[Material provided — start]

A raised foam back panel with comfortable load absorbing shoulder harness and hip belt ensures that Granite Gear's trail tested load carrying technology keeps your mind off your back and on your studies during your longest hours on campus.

[Material provided — finish]
[Material provided — start]

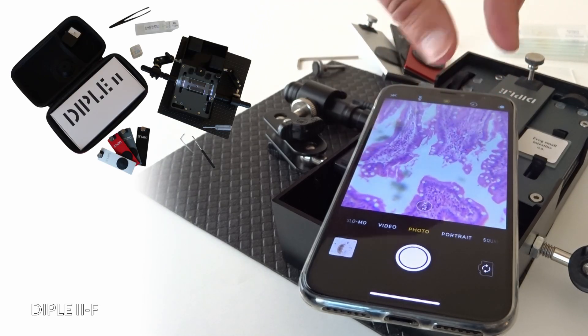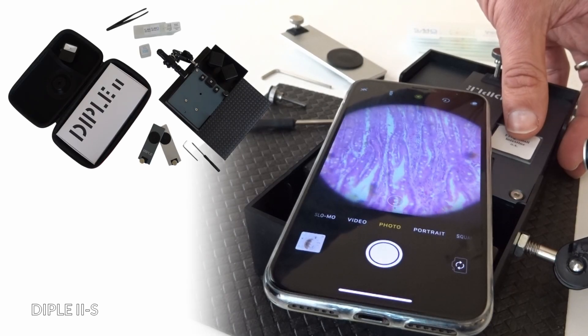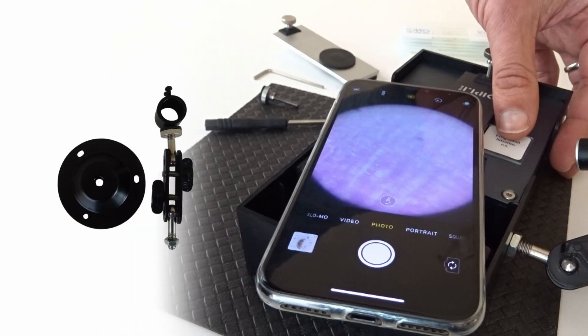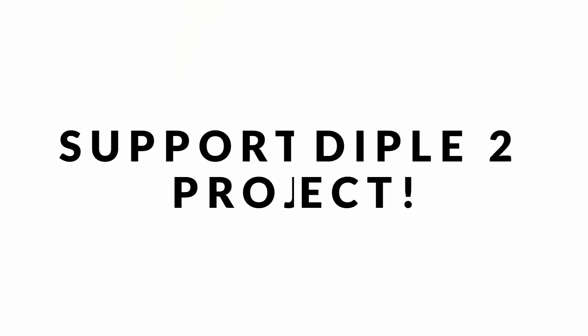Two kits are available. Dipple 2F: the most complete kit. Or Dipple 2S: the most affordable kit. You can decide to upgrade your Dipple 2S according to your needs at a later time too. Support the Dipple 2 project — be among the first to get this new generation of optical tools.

[Material provided — finish]
[Material provided — start]

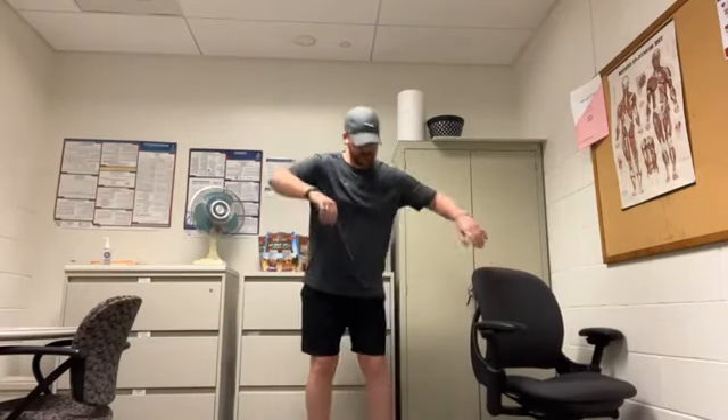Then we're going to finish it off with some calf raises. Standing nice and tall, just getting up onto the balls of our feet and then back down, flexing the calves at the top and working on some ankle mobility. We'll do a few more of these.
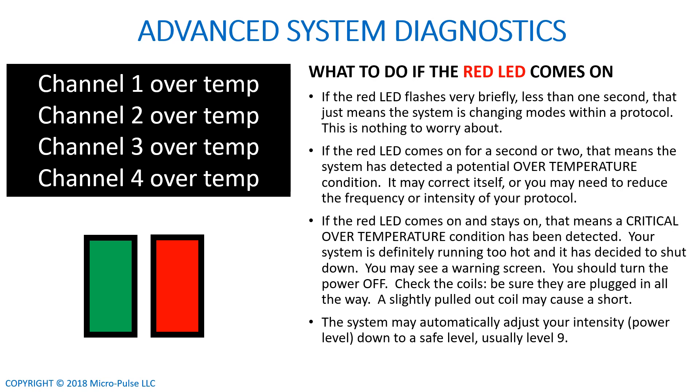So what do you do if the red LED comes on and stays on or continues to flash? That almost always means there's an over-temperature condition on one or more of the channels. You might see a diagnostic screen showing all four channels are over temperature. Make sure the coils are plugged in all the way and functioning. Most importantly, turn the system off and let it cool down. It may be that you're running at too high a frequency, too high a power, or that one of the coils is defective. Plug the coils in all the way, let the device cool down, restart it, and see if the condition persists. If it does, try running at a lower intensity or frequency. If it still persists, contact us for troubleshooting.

[Material provided — finish]

**Required action**: With the pictures removed, print only the lines starting at the line that has "Then we're going" and ending at the line that has "So what do you", both ends included, exactly as they stand above.

**Written solution**:
Then we're going to finish it off with some calf raises. Standing nice and tall, just getting up onto the balls of our feet and then back down, flexing the calves at the top and working on some ankle mobility. We'll do a few more of these.
So what do you do if the red LED comes on and stays on or continues to flash? That almost always means there's an over-temperature condition on one or more of the channels. You might see a diagnostic screen showing all four channels are over temperature. Make sure the coils are plugged in all the way and functioning. Most importantly, turn the system off and let it cool down. It may be that you're running at too high a frequency, too high a power, or that one of the coils is defective. Plug the coils in all the way, let the device cool down, restart it, and see if the condition persists. If it does, try running at a lower intensity or frequency. If it still persists, contact us for troubleshooting.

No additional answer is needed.